When I think of the men I followed after whose sole contribution to the relationship was a pretty face I am mortified. A stark contrast to the men possessing the extraordinary ability to converse upon multitudes of Subjects Categorical but who lacked even the most primary attractiveness (to me)...
I think I may have to write my own post about this. Eventually.
I think we are still on the same page. Or I may be protesting too much!
Oh, I am sure we are, my dear. I was merely teasing. I have my own experiences with men of genius-level IQ and no emotional sensitivity whatsoever. On the whole, though they are fascinating, I have to say that this kind does more damage.
Then there's the intelligent man who's so full of himself he doesn't realize that, despite his intelligence, he's a buffoon.
Very good way of putting it, Morgan. I seem to have encountered far more intelligent buffoons among men than women--I believe it is the linear mindset, plus possibly an effect of growing up around people who do not come close to matching one's own intellect. One starts to assume that one is the only smart person in the world.
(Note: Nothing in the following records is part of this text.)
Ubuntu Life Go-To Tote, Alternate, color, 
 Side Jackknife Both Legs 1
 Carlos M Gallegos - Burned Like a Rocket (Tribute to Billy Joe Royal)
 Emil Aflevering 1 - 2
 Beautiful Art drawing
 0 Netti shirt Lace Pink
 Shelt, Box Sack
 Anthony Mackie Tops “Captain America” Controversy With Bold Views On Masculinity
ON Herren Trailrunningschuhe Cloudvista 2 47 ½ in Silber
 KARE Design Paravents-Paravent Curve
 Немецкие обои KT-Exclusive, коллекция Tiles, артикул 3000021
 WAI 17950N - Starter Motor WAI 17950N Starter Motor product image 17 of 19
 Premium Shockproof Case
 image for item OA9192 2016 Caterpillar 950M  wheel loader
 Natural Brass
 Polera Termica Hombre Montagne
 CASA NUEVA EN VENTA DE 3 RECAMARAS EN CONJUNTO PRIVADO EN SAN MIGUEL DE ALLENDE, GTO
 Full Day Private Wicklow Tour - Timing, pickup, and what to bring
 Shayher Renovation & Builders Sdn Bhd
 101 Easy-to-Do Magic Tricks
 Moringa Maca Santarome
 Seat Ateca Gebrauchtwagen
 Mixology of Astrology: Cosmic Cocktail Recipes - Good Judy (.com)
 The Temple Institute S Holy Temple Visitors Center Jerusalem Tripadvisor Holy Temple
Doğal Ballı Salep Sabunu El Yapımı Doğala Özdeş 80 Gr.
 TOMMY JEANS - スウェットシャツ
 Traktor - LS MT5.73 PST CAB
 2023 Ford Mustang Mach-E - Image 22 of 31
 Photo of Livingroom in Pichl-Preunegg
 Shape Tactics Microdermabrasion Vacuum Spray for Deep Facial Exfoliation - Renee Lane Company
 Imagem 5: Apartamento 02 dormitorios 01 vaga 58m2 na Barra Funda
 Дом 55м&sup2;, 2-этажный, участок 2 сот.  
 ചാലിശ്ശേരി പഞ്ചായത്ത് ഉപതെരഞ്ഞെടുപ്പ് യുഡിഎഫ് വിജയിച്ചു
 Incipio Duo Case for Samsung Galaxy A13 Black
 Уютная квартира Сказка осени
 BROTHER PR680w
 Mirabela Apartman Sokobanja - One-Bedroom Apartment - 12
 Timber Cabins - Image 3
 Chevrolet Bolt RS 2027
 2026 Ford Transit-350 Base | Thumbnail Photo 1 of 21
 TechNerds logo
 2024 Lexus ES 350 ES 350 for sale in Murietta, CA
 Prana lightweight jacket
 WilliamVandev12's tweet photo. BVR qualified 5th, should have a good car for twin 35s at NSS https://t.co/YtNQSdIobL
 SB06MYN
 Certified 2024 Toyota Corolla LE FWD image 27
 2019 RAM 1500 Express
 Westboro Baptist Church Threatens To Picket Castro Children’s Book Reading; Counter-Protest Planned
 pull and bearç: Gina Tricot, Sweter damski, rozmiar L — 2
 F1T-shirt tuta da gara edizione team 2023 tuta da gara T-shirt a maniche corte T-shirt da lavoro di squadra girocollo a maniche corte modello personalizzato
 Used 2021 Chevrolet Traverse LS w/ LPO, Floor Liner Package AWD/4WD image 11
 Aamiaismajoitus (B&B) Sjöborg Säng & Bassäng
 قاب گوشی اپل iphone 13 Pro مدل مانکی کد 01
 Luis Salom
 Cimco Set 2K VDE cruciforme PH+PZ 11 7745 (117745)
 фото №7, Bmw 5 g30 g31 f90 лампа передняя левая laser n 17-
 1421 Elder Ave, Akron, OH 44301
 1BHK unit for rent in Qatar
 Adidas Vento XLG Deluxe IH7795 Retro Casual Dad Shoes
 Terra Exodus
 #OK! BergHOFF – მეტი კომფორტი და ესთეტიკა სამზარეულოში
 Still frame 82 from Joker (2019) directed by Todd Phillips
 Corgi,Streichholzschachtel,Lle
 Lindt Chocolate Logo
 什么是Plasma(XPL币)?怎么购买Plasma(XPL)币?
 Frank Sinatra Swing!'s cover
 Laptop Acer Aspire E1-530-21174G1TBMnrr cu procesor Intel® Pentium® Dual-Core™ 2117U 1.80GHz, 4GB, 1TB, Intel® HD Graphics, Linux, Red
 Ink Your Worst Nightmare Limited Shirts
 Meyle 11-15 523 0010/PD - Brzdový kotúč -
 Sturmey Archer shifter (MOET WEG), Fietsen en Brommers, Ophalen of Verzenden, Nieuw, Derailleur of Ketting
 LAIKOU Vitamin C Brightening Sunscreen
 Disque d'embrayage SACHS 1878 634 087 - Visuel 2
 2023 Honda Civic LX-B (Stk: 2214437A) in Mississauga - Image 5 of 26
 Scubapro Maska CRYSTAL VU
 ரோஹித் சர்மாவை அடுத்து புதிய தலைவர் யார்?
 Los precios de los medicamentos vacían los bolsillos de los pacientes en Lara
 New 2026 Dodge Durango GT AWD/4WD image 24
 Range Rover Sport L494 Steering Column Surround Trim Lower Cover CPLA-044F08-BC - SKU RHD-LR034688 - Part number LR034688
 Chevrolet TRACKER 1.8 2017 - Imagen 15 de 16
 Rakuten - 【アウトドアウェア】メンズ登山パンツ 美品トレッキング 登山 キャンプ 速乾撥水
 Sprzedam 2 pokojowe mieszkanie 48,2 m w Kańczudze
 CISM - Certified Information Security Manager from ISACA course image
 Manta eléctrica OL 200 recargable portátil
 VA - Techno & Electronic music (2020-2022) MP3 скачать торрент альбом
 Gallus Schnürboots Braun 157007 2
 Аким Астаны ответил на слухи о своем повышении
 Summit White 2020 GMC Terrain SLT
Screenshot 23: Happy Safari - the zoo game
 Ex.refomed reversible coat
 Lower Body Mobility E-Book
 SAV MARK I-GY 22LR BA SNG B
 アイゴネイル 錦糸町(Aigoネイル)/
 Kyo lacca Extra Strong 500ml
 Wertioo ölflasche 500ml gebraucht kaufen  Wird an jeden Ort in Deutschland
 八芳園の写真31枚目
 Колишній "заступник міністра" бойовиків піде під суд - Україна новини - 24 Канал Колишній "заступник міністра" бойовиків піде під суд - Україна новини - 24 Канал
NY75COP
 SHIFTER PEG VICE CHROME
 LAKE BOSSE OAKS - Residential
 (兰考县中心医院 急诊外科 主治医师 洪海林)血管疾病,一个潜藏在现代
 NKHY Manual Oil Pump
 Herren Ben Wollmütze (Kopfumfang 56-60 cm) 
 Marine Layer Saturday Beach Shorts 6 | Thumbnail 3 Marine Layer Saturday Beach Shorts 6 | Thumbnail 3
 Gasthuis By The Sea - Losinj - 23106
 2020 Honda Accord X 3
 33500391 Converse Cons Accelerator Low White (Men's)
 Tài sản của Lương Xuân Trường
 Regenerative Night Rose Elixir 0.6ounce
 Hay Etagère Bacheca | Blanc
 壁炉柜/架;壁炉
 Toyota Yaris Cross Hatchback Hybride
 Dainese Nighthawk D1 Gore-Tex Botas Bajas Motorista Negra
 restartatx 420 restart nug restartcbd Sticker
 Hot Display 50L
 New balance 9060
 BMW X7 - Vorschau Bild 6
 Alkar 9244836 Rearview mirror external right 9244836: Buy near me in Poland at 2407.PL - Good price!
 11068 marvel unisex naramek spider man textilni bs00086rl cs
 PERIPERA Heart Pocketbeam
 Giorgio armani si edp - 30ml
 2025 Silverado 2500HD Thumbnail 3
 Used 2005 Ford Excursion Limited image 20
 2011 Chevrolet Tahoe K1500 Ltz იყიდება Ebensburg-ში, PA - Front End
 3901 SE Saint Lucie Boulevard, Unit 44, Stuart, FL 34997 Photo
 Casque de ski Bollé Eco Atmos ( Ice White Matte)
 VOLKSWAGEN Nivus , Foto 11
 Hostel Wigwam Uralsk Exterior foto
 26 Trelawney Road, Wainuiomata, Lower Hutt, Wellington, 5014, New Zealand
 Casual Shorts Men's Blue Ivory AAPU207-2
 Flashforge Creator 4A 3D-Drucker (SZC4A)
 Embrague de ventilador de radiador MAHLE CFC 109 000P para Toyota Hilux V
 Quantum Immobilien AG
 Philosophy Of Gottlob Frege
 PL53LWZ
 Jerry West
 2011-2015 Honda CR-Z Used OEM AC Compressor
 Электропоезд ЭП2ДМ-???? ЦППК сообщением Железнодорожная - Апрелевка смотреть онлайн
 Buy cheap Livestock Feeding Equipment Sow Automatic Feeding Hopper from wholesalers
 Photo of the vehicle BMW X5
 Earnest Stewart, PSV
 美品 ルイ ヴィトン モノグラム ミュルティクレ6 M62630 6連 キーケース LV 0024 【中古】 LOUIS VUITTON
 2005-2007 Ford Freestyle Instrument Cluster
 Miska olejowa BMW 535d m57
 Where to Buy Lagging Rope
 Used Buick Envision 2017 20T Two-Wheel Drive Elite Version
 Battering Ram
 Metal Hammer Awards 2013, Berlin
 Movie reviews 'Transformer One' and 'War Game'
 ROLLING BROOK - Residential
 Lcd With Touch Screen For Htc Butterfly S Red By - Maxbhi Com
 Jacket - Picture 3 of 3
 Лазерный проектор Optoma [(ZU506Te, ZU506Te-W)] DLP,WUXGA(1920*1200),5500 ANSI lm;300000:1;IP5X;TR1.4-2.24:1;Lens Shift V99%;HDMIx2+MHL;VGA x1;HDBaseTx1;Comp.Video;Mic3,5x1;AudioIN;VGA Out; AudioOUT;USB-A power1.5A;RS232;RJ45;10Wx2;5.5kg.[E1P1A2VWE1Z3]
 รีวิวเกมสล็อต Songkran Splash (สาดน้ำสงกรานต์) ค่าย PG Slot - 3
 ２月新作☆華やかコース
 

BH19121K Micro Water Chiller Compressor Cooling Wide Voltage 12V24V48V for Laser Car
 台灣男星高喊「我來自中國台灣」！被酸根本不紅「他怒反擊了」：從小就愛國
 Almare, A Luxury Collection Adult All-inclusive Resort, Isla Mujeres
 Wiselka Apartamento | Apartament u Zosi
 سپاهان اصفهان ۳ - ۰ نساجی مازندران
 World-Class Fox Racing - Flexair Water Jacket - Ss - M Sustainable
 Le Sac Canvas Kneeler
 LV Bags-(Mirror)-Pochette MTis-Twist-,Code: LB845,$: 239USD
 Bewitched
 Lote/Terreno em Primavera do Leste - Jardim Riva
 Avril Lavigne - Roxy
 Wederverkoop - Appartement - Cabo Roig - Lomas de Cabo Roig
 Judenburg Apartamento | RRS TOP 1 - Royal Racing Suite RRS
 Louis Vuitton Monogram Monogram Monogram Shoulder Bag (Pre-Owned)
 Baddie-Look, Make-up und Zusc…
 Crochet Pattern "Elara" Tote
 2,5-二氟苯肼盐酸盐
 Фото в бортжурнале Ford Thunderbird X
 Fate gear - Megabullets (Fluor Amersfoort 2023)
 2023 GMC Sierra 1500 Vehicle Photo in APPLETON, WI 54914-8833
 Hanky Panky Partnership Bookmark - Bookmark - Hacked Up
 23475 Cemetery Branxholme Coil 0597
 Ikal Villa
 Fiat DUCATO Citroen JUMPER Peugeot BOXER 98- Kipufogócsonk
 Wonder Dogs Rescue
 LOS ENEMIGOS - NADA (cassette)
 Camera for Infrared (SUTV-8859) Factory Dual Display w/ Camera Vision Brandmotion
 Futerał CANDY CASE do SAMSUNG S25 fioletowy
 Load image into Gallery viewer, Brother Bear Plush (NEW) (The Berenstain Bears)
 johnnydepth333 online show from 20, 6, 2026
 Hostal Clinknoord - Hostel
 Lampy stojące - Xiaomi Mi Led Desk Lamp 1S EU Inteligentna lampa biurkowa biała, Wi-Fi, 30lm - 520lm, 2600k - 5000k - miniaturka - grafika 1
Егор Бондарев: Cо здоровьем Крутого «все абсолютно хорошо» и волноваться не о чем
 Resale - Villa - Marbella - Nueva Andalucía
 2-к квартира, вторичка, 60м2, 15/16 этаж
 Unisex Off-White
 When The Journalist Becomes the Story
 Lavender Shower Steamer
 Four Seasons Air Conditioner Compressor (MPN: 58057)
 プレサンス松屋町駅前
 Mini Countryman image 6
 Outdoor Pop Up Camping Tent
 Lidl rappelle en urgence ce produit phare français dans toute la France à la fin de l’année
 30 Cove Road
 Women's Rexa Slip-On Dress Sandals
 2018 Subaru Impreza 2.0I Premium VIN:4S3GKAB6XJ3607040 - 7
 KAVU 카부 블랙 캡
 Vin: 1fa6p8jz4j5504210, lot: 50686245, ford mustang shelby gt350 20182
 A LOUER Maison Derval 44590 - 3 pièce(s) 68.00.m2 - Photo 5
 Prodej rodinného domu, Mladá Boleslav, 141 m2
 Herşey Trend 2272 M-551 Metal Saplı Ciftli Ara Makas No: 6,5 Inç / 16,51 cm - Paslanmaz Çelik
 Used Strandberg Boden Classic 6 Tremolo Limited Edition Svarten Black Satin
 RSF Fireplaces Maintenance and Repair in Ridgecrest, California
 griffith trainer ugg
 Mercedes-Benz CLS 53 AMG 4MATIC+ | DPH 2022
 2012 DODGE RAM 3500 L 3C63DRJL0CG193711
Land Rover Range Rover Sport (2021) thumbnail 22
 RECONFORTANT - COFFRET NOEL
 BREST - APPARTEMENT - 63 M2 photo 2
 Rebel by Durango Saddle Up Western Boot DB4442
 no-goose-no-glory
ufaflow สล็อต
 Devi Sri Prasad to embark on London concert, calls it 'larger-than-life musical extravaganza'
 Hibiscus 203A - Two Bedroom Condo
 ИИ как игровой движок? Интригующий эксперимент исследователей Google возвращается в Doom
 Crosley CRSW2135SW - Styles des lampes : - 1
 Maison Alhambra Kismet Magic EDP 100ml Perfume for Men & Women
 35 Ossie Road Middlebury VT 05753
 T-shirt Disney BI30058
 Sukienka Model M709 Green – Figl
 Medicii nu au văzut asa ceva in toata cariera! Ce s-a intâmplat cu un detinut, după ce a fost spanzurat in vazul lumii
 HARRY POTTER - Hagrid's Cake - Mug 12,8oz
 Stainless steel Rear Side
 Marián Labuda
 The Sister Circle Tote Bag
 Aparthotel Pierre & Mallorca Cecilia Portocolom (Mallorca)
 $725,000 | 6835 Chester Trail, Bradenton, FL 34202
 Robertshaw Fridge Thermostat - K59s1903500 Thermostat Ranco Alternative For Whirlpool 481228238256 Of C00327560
You are also correct about resonance of compatibilities. Quantification of someone's intelligence or sexual desirability leaves out the most important thing--whether there is resonance or not. I know infinite numbers of smart persons with whom I have trouble sustaining a ten-minute conversation; we are simply not on the same wavelength. Then there are the brilliant, glorious losers with whom I have engaged in esoteric tangos for years, before finally leaping clear of the merry-go-round.